No Brasil, portanto, não existe legislação para o assunto, infelizmente. Existe apenas uma resolução do ano 1993, promulgada pelo Conselho Federal de Medicina e direcionada aos médicos, que limita em quatro o número de embriões implantados. Mesmo assim, há alguns anos atrás no Hospital Materno-Infantil da L 2 Sul, aqui em Brasília, uma senhora chamada Lindamar, moradora da Ceilândia, teve quíntuplos, matéria exaustivamente coberta na época pelo Correio Braziliense. Ora: cinco ultrapassa quatro! Que eu saiba, até hoje o médico responsável não foi punido, seja pela Justiça, seja pelos organismos gremiais. A mulher tinha uma renda de pouco mais de um salário mínimo mensal e quando soube que teria cinco filhos de uma vez, além dos dois que já havia concebido antes de uma ligadura tubária, disse que era "a vontade de Deus"! O custo de UTI neo-natal para os quatro sobreviventes, na época, foi altíssimo, desviado, certamente, de outras atividades também essenciais.
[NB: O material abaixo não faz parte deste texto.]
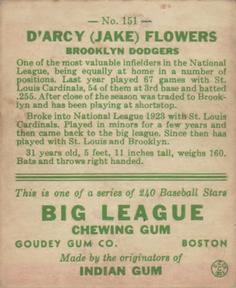 D’Arcy “Jake” Flowers  baseball card collectible - Main Image 2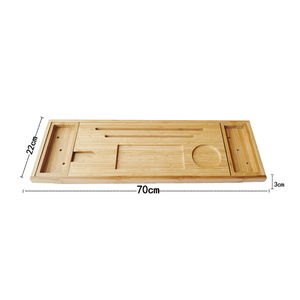 Plateau de bain en bambou avec compartiment de rangement, rétractable et antidérapant, pour utilisation dans la baignoire - Product Image 5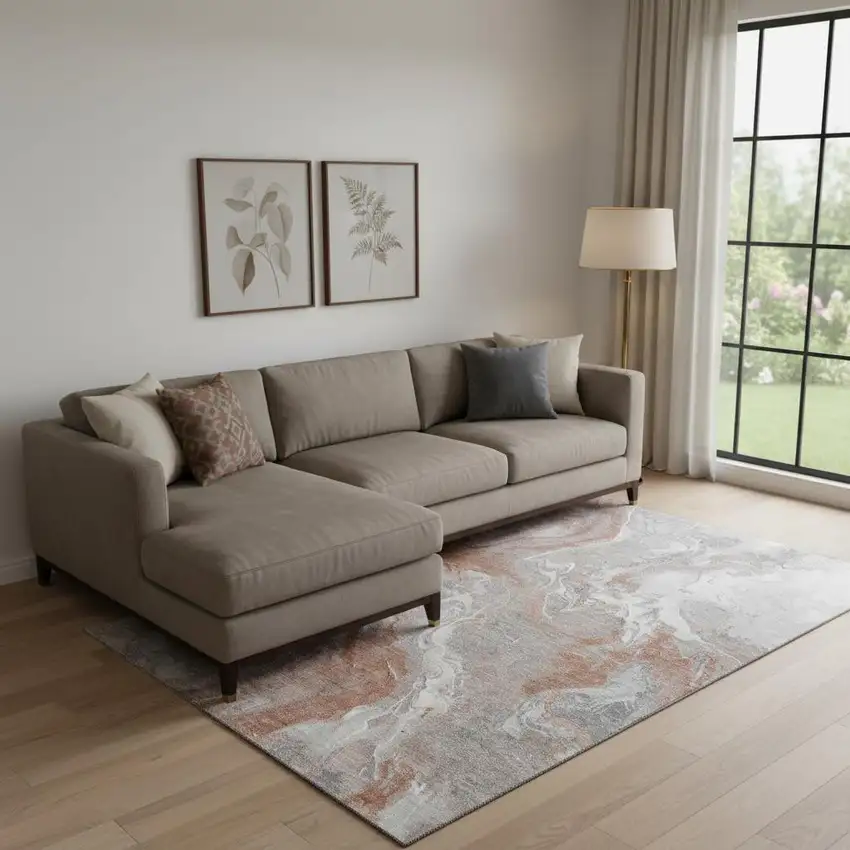 Salmon Gray And Ivory Abstract Washable Area Rug With UV Protection Photo 2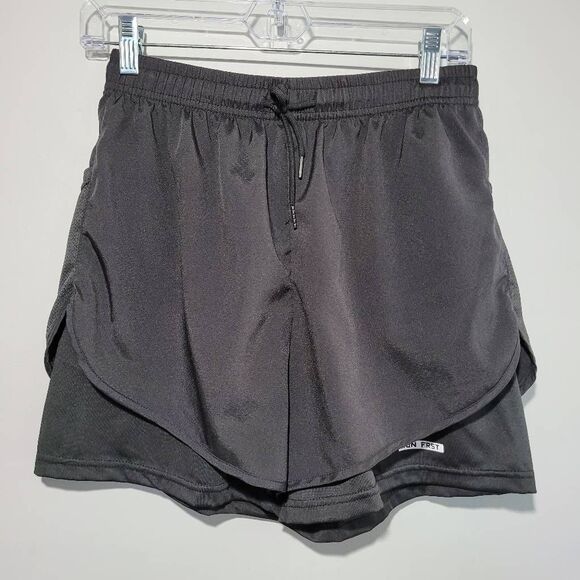 Black athletic shorts drawstring elastic waist workout yoga athleisure neutral - Picture 1 of 9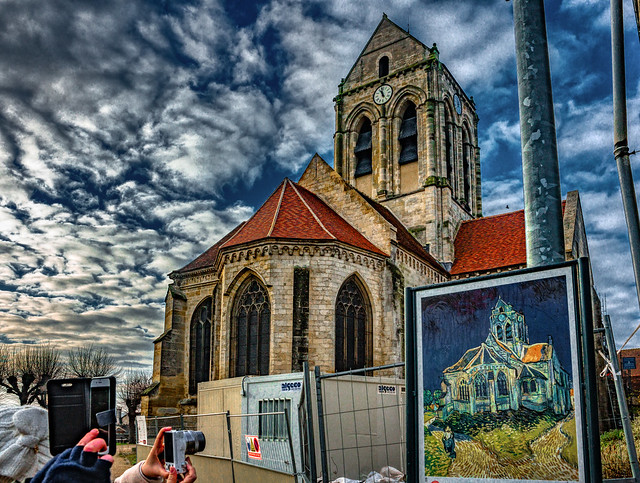 View of Église Notre-Dame-de-l'Assomption d'Auvers-sur-Oise Next to the Painting by Vincent van Gogh, France-25a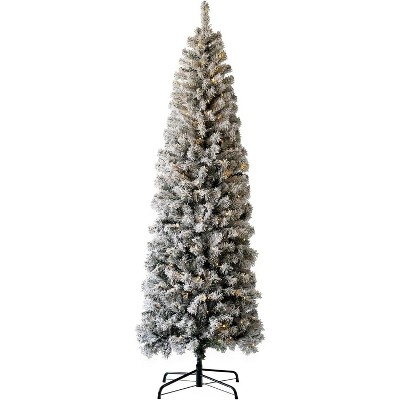 Pencil Christmas Tree Prelit, Partially Flocked & Frosted Skinny Xmas Tree with PVC Branch Tips, Lights, Foldable Stand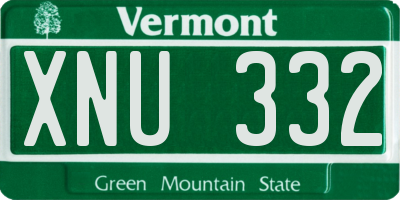 VT license plate XNU332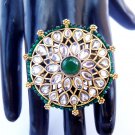 Ethnic Indian Women BRIDAL Fashion Jewelry Gold Plated KUNDAN Rings Adjustable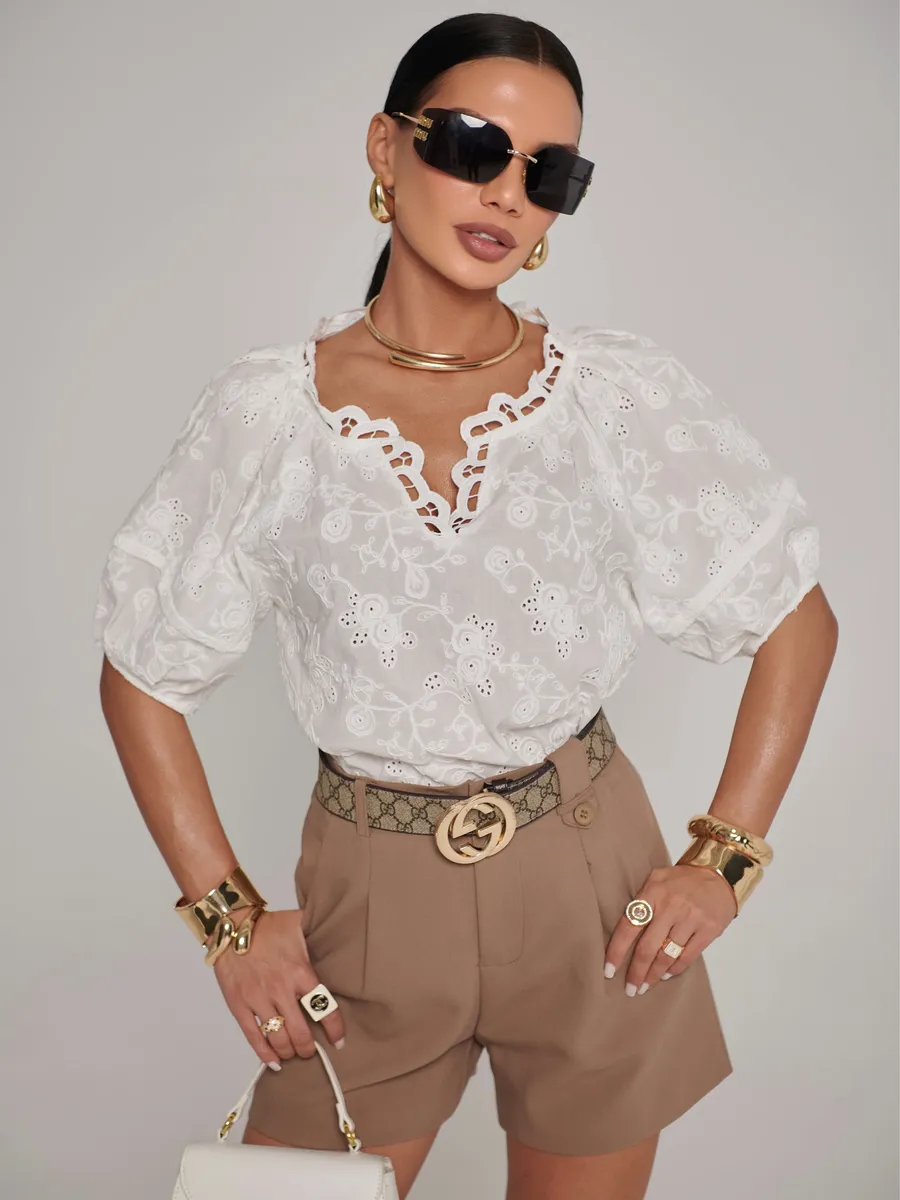 Белая блузка нарядная летняя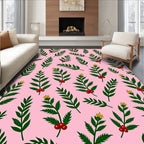 Pink Green Berry Branch Foliage Harmony Rug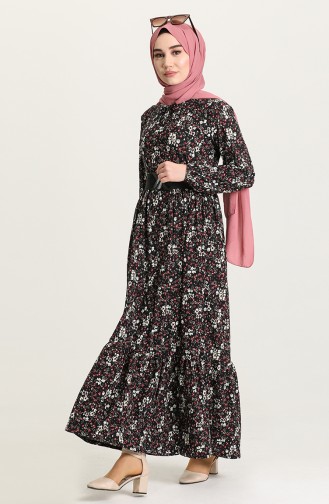 Dunkelblau Hijab Kleider 4300B-02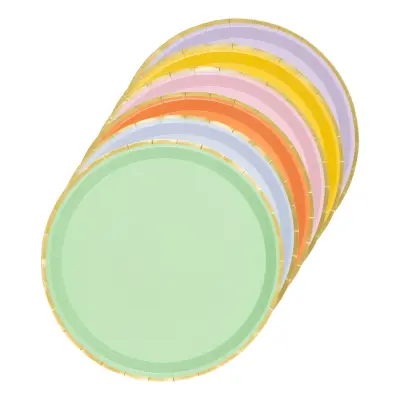 Papperstallrikar Pastell - 6-pack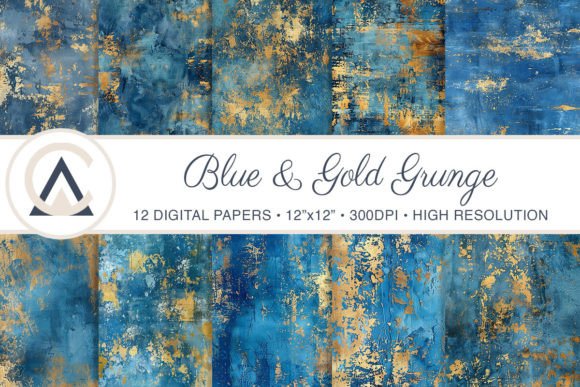 Elevate Your Brand: The Power of Seamless Blue & Gold Grunge Textures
Enquanto não houver lei no país, historias como estas e outros abusos frequentemente registrados pela imprensa em famosas clínicas de reperodução assistida do país continuarão ocorrendo. O presidente Luiz Inácio Lula da Silva enviou ao Congresso Nacional em 5/10/2005 o PL 6032/2005 que cria o Conselho Nacional de Bioética, há mais de três anos, portanto. O projeto é excelente e está apensado a um projeto anterior e bastante parecido (também muito bem elaborado) dos deputados Ivan Valente (SP) e Maria José Maninha (DF). Atualmente, o referido PL recebeu urgência por parte do presidente do Congresso; espero que nos próximos meses os partidos cumpram seu papel e indiquem seus representantes na Comissão para resolver o assunto de uma vez. A ciência e a cidadania não podem ficar esperando por leis que nunca vêm e que atrasam o desenvolvimento científico e tecnológico do país, além de criarem espaços que facilitam o uso abusivo de novas técnicas.